DATASET EXTRACT:
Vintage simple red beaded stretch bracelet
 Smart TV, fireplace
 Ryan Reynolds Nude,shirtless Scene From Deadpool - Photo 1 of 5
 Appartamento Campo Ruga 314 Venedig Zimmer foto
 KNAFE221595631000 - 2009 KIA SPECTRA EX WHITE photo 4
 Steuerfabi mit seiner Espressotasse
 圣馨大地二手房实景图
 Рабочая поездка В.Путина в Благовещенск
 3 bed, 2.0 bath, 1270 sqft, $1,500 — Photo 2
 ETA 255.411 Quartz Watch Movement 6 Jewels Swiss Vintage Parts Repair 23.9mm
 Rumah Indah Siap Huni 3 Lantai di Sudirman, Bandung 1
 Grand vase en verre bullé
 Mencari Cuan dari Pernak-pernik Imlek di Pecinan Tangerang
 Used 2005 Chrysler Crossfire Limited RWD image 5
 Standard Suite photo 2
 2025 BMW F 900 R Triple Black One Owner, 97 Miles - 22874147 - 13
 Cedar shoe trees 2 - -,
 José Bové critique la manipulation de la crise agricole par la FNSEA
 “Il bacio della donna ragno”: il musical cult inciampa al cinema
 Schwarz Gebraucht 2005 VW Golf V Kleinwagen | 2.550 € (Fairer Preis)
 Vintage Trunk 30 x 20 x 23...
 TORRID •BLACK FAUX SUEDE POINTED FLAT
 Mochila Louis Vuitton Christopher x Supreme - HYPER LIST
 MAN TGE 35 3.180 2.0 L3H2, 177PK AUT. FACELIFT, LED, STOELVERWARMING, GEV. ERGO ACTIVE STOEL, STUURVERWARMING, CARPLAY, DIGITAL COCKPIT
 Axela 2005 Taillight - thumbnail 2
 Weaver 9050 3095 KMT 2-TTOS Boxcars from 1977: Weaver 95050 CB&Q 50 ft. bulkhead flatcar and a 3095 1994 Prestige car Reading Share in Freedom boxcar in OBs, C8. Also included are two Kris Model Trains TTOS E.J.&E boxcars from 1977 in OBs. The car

TASK DESCRIPTION: Scan the material for lines that hold the word "Vintage", then say how many there are and nothing else.

WRITTEN SOLUTION: 3